High officers leading this week's big war game in northern Israel confronted Prime Minister Binyamin Netanyahu and chief of staff Lt. Gen. Gaby Ashkenazi with harsh criticism over the lack of a clear government strategy for dealing with the rising Hizballah threat of aggression and the uninterrupted flow of advanced weaponry from Syria to Hizballah. The exercise drilled various war scenarios. debkafile's military sources report that Wednesday, May 12 at the end of the exercise, the officers accused the prime minister and chief of staff, who observed the drill, with doing nothing because they were over-anxious to "keep Israel 's borders with Syria and the Lebanese Hizballah calm, whatever the cost." 
This kept the Israel 's military machine waiting in passive mode for Hizballah to go to war when it was fully armed and ready. 

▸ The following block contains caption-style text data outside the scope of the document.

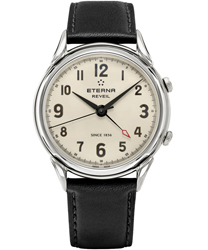 Eterna Heritage Men's Watch Model: 2957.41.64.1388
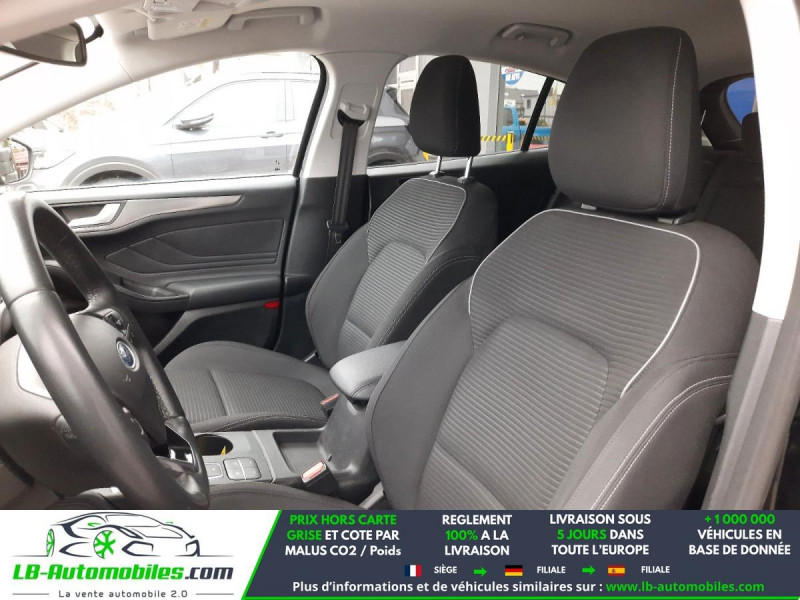 Ford Focus 1.0 EcoBoost 125 BVA  occasion � Beaupuy - photo n�6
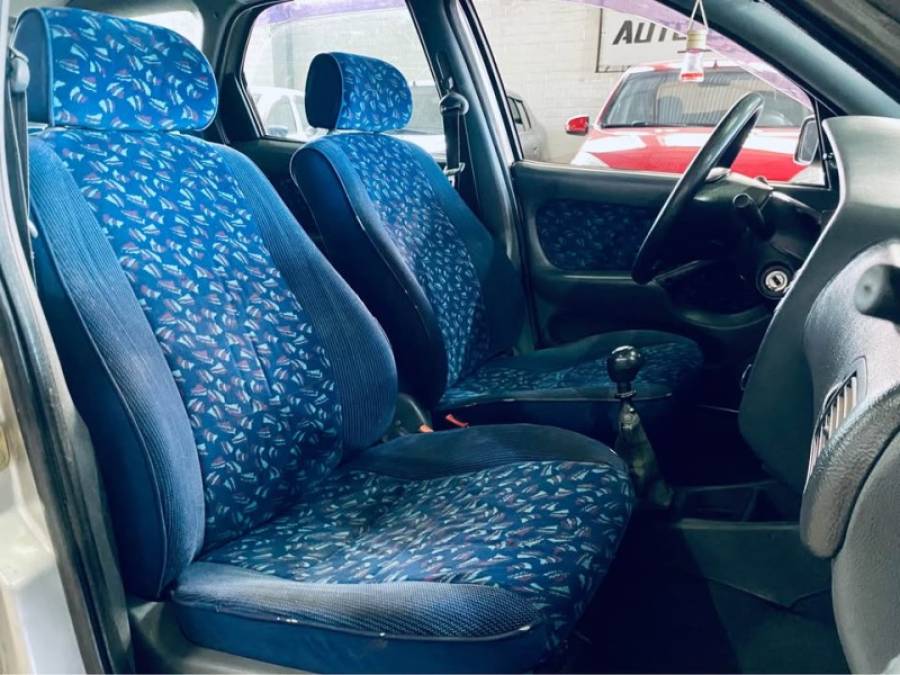 FIAT - PALIO - 1999/1999 - Cinza - R$ 9.990,00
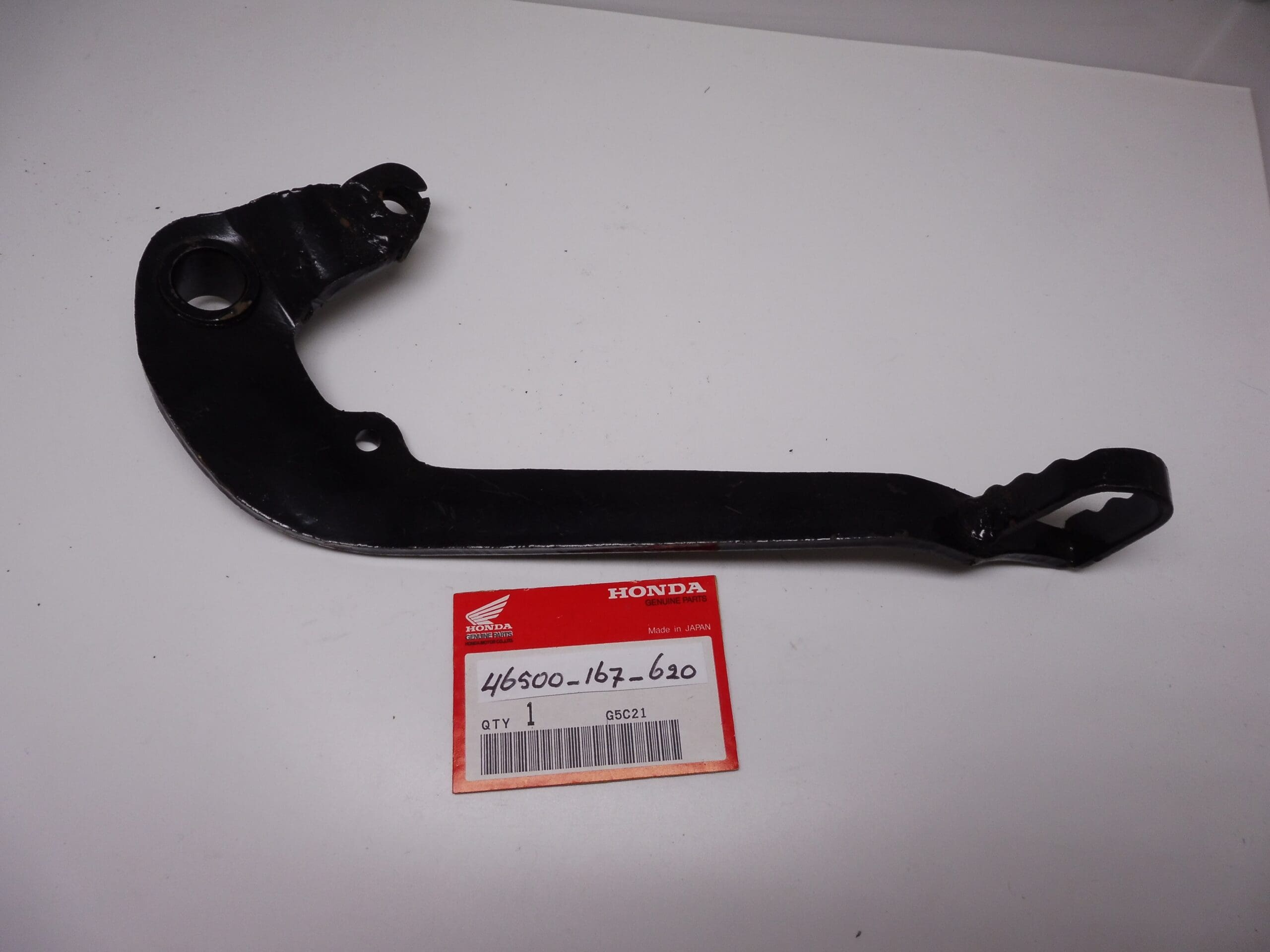 Honda - 46500-167-620_1 - MT5 - Rear Brake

Netanyahu used the occasion to accuse Iran of warmongering and inciting Syria and Hizballah to attack Israel with the lie that Israel was on the point of attack.
The IDF critics found this statement beside the point, feeble and playing into the hands of Syrian ruler Bashar Assad and Hassan Nasrallah, like many of the lame comments coming from defense minister Ehud Barak, debkafile's military sources quote one officer as saying: "Maybe Iran is feeding them false data, but so what? Assad and Nasrallah don't need an excuse for aggression. We watch them with large binoculars, but theirs are bigger. And what do they see? That the IDF has not made the slightest preparation to make good on the Israeli government's warnings of action if Syria goes through with transferring missiles and sophisticated weapons systems to Hizballah. So what conclusions have they drawn?" asked the officer: "That they can go on supplying Hizballah and preparing for war without fear or hindrance."
Some of the officers drew comparisons between the current situation and the run-up to the 2006 Lebanon . Then, too, Israel kept hoping Hizballah's war preparations would come to nothing if Israel sat on its hands, but in the end the Lebanese terrorists attacked. 
"What happened then is what's happening today," said another officer. The IDF may have better hardware and improved logistics but, otherwise, Israel 's policy-maker are stuck dangerously in the 2006 time warp.
"Hizballah's war-planners cannot avoid noticing that Israel has retreated from every warning it issued in the past year," said this officer, and are therefore paying no heed to new ones."
For instance, Israeli threats to strike Lebanon and Syria held Damascus back from handing Hizballah M-600 surface-to-surface missiles, essentially Scuds - but only for a while. Recently, when they saw nothing happening, Syria went ahead and sent them over the border.
As a result, Hizballah is now armed with an array of weapons which are far more destructive in terms of civilian lives, damage to property and their reach into Israel's major cities than its 2006 arsenal 
One officer summed the situation up by saying: "In view of the Netanyahu government's policy of inertia, this war game should have been held in Tel Aviv - not just along the northern borders."